The discrete time algebraic riccotti equation is a mathematical solution to the minimization problem presented above. Given the constratints of the system, $$ x(i+1) = Ax(i) + Bu(i) \text{ for all i } \epsilon \ \{0,...,n-1\}\\ x(0) = x_0 $$ And the summation function defined above, the discrete time algebraic riccotti equation gives a solution in terms of the state matrices A and B, as well as the cost matrices Q and R. \begin{gather} K_{ss} = (R+B^TP_{ss}B)^{-1}(B^TP_{ss}A)\\ P_{ss} = Q + A^TP_{ss}A - (A^TP_{ss}B)(R + B^TP_{ss}B)^{-1}(B^TP_{ss}A)\\ \end{gather} From this, we see that we have a solution for the gains that control the system. By applying DARE to each of our state space systems, we are able to optimally solve for the best K matrices.
Of course, in order to do this, we must select the Q and R matrices that we input. This is how we design a control system, and the process goes as follows. Take for instance the outer loop x controller.
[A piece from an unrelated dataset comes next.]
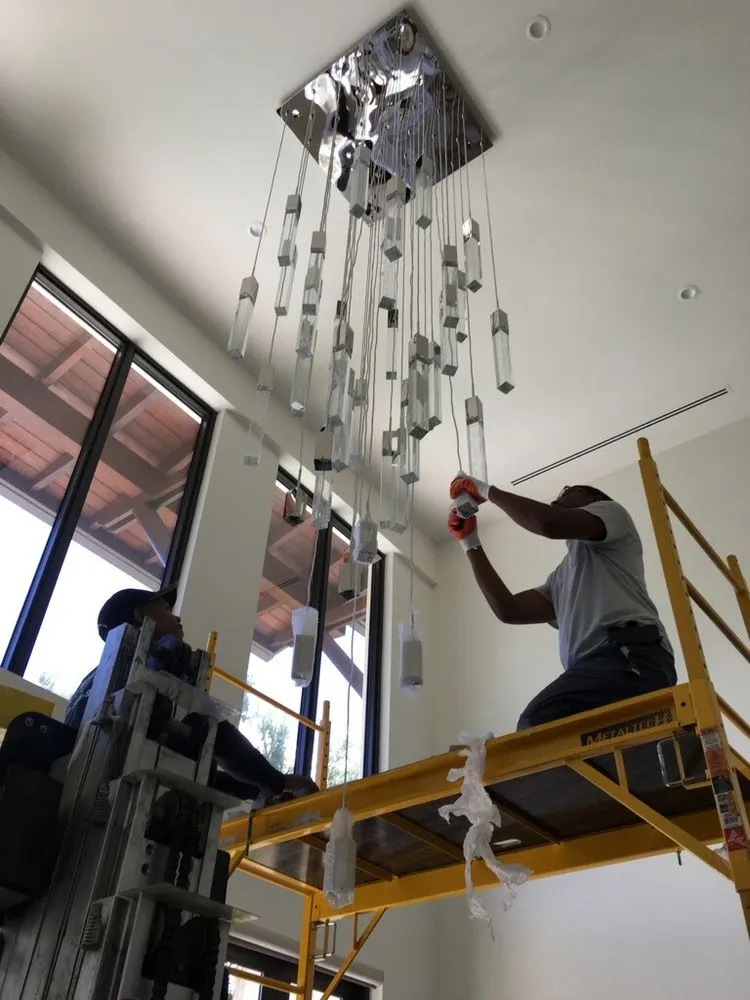 Slide of Miami Electric Masters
Remember that the states for this system are x position error and x velocity error. The inputs for this system is the pitch angle of the quadrotor.
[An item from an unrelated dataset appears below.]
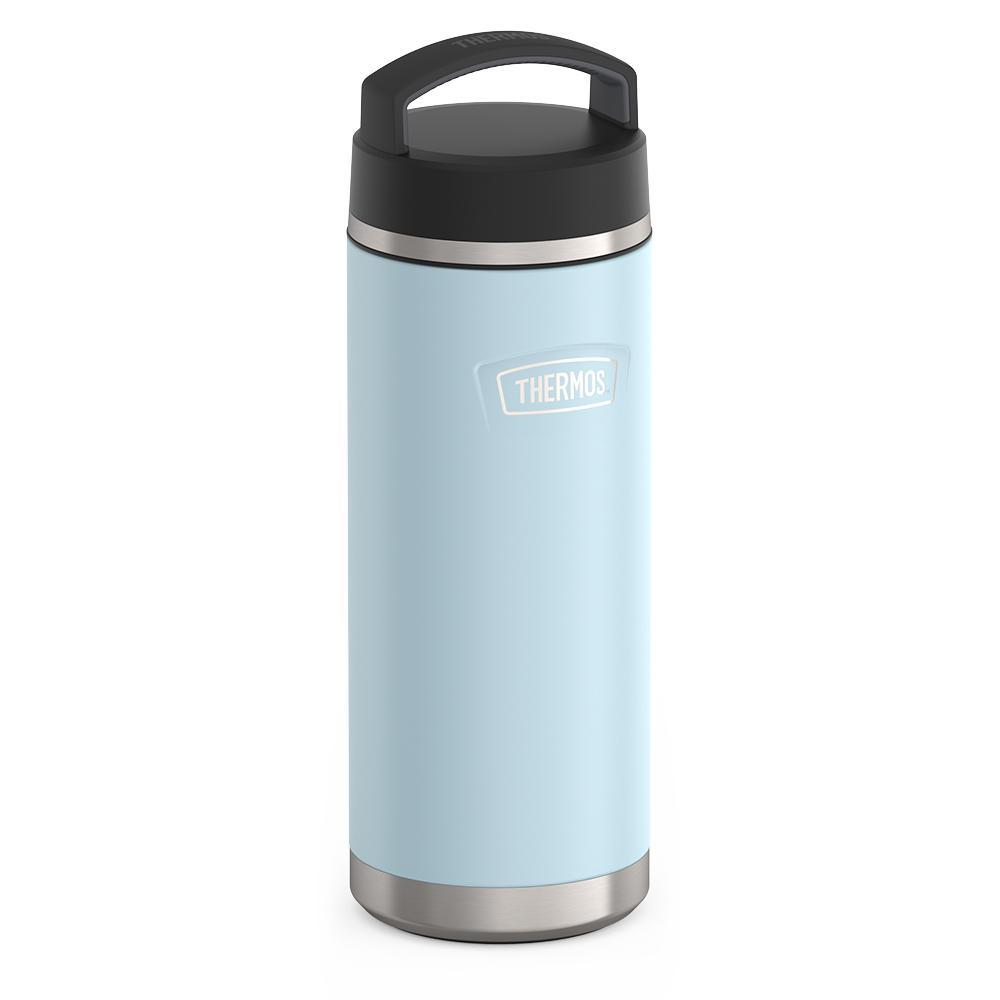 Thermos 32 ounce stainless steel water bottle with screw top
Now if all we cared about was getting to the goal as fast as possible, we could set the first value in the Q matrix to be very high, as shown below.
$$
Q = \begin{bmatrix}1000&0\\0&1\end{bmatrix}
$$
However this would cause two problems. The first is that in order to get to that position, the model would command very high input values. Remember these inputs are the pitch angle of the quadrotor; if they get too high, such as above 90 degrees, then the quadrotor could flip, causing catastrophic failure. Even if the quadrotor didn't flip, this choice in gains could still cause a problem.
Although we are getting to the desired position very fast, we are telling our model that we don't care about errors in velocity at all. Therefore the quadrotor will zip to the position... and promptly overshoot it. At this point it will start to move back... and overshoot again.
The key to picking gains is to strike a balance that results in the behavior we want. The best way to do this is via simulation that shows the model behave as it is expected to. Play around with choosing different values, and see what happens!